E’ stato un fine settimana travagliato in termini di verifiche per gli interventi sul caso Ilva.
Le alternative praticabili sono state messe nero su bianco ma le scelte finali toccano al Presidente del Consiglio italiano, Matteo Renzi.
Il passaggio è di vitale importanza dal momento in cui la cessione del gruppo ai privati è risultata impraticabile e, come ha sottolineato lo stesso Renzi, non c’è alcuna intenzione di svenderla. Nel contempo la volontà è di rivedere le prescrizioni contenute nella cosiddetta Aia (Autorizzazioni integrate ambientali), che determina obblighi molto severi e richiede investimenti stimati intorno a 1,8 miliardi di euro.
La soluzione più papabile? Il passaggio successivo all’entrata dell’Ilva in Legge Marzano è l’affitto degli impianti industriali a una società incaricata di gestirne il rilancio. Con ogni probabilità dovrebbe essere Fintecna, società controllata dalla Cassa depositi e prestiti (Cdp). La vecchia Ilva si configurerebbe così una bad company. L’intenzione del governo è di prevedere un limite temporale all’intervento pubblico, al massimo tre anni. L’alternativa all’affitto degli impianti è lo scorporo di essi in una nuova società, che si presta meglio al coinvolgimento di azionisti privati e, in particolare, di ArcelorMittal, affiancata dal gruppo Marcegaglia. Ma, al momento, appare accantonato.

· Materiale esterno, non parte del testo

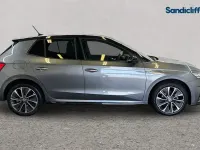 Used Skoda Fabia Monte Carlo 110 HP (80 kW) 2023 Grey Hatchback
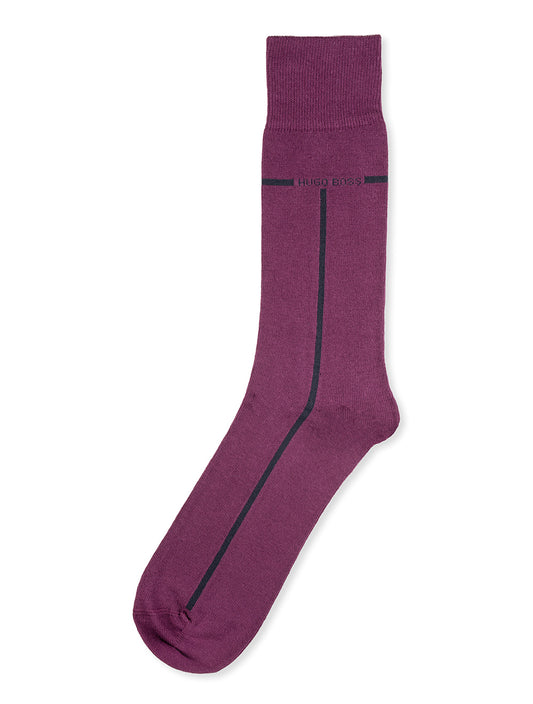 Hugo Boss Two-Pack Of Cotton-Blend Socks With Contrast Accents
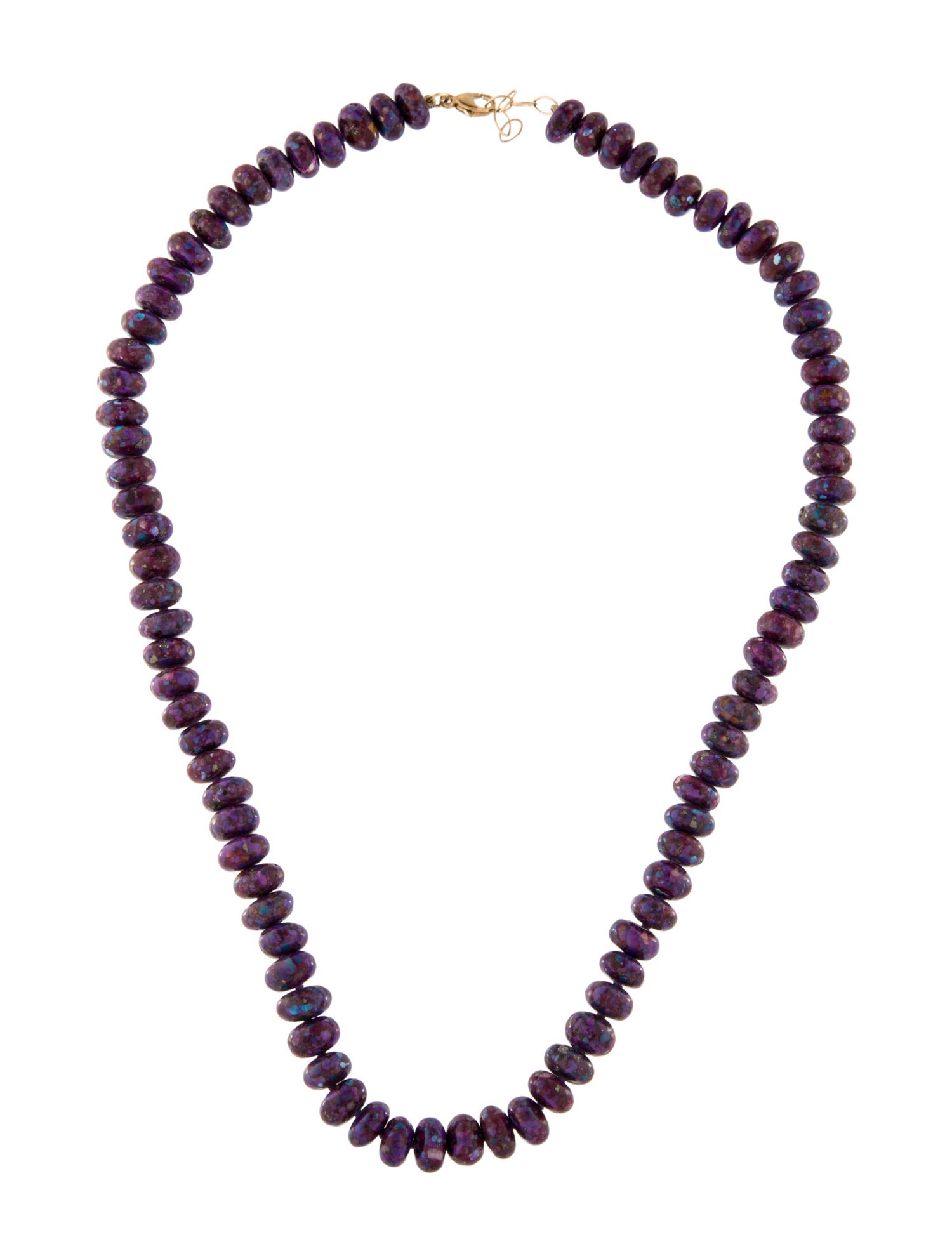 Jia Jia 14K Beaded Dahlia Necklace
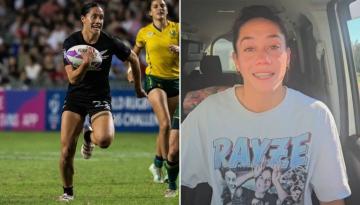 Paris Olympics: Black Ferns Sevens star Shiray Kaka suffers season-ending injury at Singapore, Olympic dream over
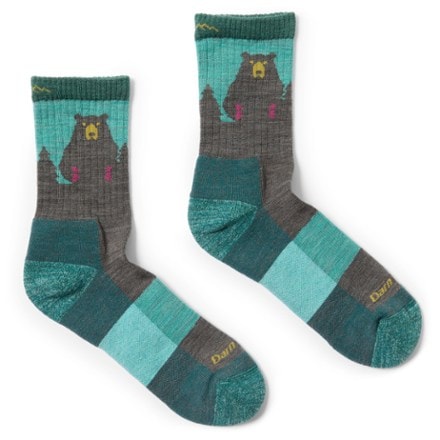 Darn Tough Bear Town Micro Crew Socks - Women's 1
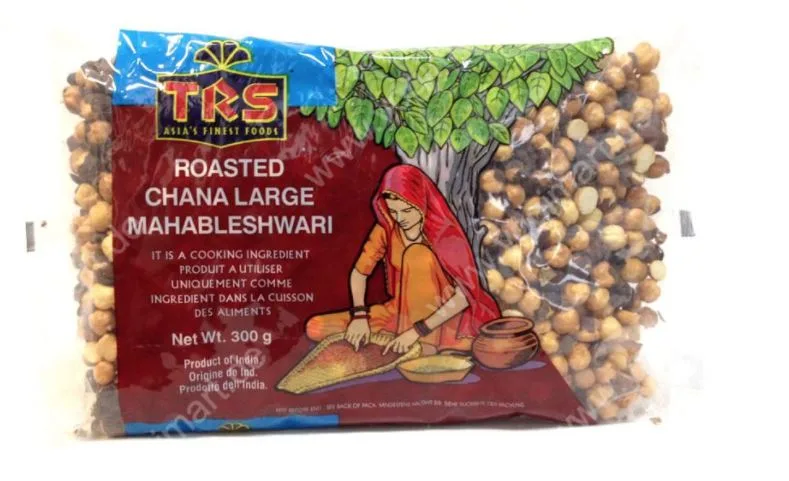 Roasted Chana Large with Skin (TRS) 300g
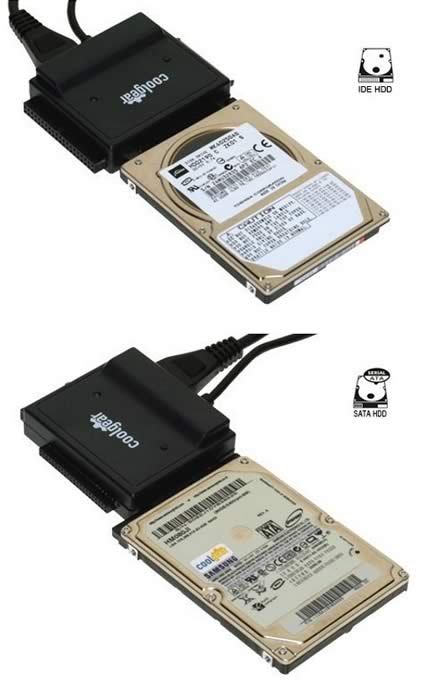 USB 3.1 Type-C SATA 2.5 HDD Enclosure - Coolgear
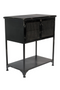 Metal Wine Cabinet | Dutchbone Denver | DutchFurniture.com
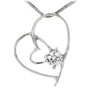 Pendentif en argent pour femme Ref 8300051 (Lot 50 pcs)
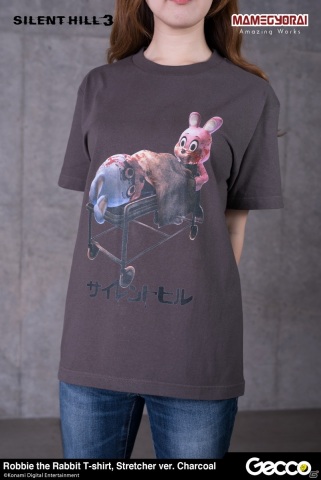 「サイレントヒル」のマスコットキャラ的存在「ロビー・ザ・ラビット」のTシャツが再登場！の画像107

Tuttavia, Il coinvolgimento della Cassa depositi e Prestiti presenta numerosi aspetti che rimangono problematici. La possibilità è che si verifichi mediante un prestito importante perché occorrono soldi, tanti soldi, per pagare dipendenti e fornitori, provvedere alla manutenzione degli impianti, finanziare investimenti ormai irrinunciabili. Ovviamente Cdp chiede in cambio la garanzia dello Stato, che però deve rispettare quelli che sono i precisi vincoli europei.